Exercise details:
Give the lines below again exactly, starting with the line that holds "𝕟 𝕒 🌼さん（レディース・163cm）の夏コーディネート" and going on through the line that holds "Beleza Estética Estufa".

Records for the exercise:
....

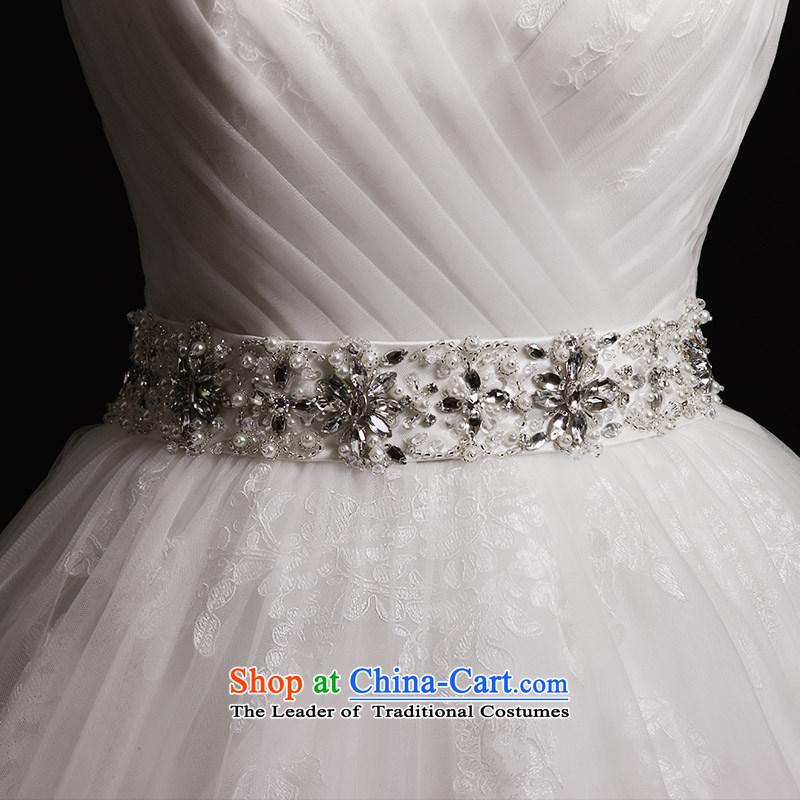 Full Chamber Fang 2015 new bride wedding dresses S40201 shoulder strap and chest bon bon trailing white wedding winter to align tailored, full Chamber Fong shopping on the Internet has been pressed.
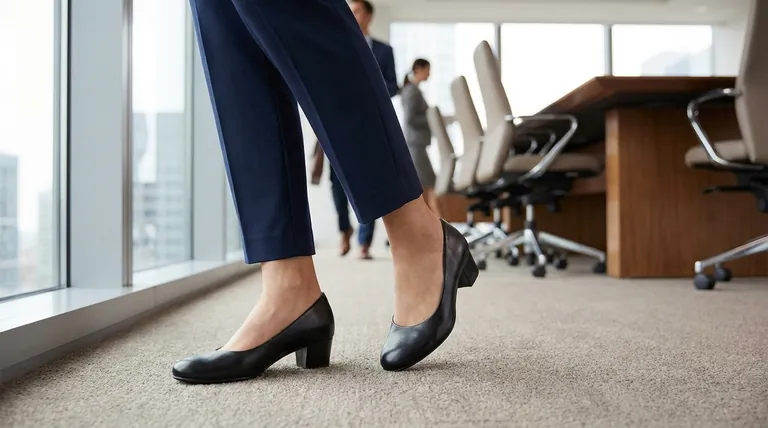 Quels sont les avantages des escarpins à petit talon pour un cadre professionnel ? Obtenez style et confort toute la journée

....

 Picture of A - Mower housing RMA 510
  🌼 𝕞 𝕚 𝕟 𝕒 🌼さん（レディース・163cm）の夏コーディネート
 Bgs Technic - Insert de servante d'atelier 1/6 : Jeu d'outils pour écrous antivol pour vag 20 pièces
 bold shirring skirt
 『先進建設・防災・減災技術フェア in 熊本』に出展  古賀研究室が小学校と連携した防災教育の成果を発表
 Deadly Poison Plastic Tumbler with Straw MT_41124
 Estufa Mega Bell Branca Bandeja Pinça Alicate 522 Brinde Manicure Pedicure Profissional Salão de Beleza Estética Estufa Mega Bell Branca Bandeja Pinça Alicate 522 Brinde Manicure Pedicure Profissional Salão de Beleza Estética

....

Result below:
  🌼 𝕞 𝕚 𝕟 𝕒 🌼さん（レディース・163cm）の夏コーディネート
 Bgs Technic - Insert de servante d'atelier 1/6 : Jeu d'outils pour écrous antivol pour vag 20 pièces
 bold shirring skirt
 『先進建設・防災・減災技術フェア in 熊本』に出展  古賀研究室が小学校と連携した防災教育の成果を発表
 Deadly Poison Plastic Tumbler with Straw MT_41124
 Estufa Mega Bell Branca Bandeja Pinça Alicate 522 Brinde Manicure Pedicure Profissional Salão de Beleza Estética Estufa Mega Bell Branca Bandeja Pinça Alicate 522 Brinde Manicure Pedicure Profissional Salão de Beleza Estética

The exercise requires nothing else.